Work required: Your job is to transcribe all the records that follow, excluding any pictures.

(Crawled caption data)
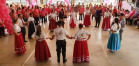 Paraná Rosa 2019 - Siqueira Campos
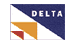 Delta logo Delta logo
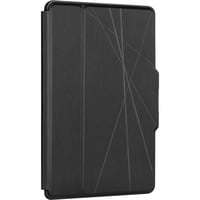 Click-In Folio Noir, Housse pour tablette características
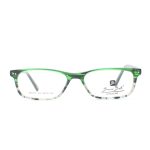 Frames Bruno Botti BB0513-C005 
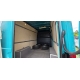 Mercedes-Benz Sprinter 317CDI L3H3 Automat 9-g Tronic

Output of the exercise:
 Paraná Rosa 2019 - Siqueira Campos
 Delta logo Delta logo
 Click-In Folio Noir, Housse pour tablette características
 Frames Bruno Botti BB0513-C005 
 Mercedes-Benz Sprinter 317CDI L3H3 Automat 9-g Tronic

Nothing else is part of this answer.